(Collection entries)
□ □ □ □ □ □ □

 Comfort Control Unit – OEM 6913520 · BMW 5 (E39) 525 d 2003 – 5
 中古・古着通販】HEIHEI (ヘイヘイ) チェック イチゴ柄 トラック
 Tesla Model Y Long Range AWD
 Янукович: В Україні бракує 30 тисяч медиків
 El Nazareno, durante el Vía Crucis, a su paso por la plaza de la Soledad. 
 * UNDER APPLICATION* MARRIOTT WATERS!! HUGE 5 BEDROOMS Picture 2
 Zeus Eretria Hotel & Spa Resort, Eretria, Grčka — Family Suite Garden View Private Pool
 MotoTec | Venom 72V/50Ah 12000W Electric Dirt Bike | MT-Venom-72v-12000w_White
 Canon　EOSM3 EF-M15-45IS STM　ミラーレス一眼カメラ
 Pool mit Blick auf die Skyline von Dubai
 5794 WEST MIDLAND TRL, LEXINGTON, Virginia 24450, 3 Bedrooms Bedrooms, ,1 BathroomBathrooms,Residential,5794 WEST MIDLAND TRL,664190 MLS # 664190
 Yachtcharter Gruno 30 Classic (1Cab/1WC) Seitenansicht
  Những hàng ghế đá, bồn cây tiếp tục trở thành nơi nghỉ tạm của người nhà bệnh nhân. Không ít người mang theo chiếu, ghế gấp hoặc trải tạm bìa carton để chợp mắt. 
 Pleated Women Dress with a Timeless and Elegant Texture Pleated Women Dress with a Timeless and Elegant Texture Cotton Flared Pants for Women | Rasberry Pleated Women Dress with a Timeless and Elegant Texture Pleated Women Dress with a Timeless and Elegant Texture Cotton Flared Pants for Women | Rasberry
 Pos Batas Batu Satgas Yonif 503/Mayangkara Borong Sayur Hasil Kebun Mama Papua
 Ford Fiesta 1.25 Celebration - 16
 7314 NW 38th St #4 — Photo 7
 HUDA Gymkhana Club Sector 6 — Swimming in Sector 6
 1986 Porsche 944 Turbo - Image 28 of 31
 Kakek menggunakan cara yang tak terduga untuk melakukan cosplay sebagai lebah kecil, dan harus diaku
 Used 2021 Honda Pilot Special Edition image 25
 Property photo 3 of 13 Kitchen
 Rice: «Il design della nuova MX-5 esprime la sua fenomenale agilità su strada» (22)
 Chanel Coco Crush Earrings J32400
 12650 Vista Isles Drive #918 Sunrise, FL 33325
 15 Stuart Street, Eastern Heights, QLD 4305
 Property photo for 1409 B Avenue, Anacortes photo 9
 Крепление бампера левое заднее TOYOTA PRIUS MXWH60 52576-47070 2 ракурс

□ □ □ □ □ □ □

• EXERCISE
The line above containing "Rasberry Pleated Women", the line containing "Used 2021 Honda", and every line between them are to be transcribed exactly; no other line is wanted.

• SOLUTION TO THIS EXERCISE
 Pleated Women Dress with a Timeless and Elegant Texture Pleated Women Dress with a Timeless and Elegant Texture Cotton Flared Pants for Women | Rasberry Pleated Women Dress with a Timeless and Elegant Texture Pleated Women Dress with a Timeless and Elegant Texture Cotton Flared Pants for Women | Rasberry
 Pos Batas Batu Satgas Yonif 503/Mayangkara Borong Sayur Hasil Kebun Mama Papua
 Ford Fiesta 1.25 Celebration - 16
 7314 NW 38th St #4 — Photo 7
 HUDA Gymkhana Club Sector 6 — Swimming in Sector 6
 1986 Porsche 944 Turbo - Image 28 of 31
 Kakek menggunakan cara yang tak terduga untuk melakukan cosplay sebagai lebah kecil, dan harus diaku
 Used 2021 Honda Pilot Special Edition image 25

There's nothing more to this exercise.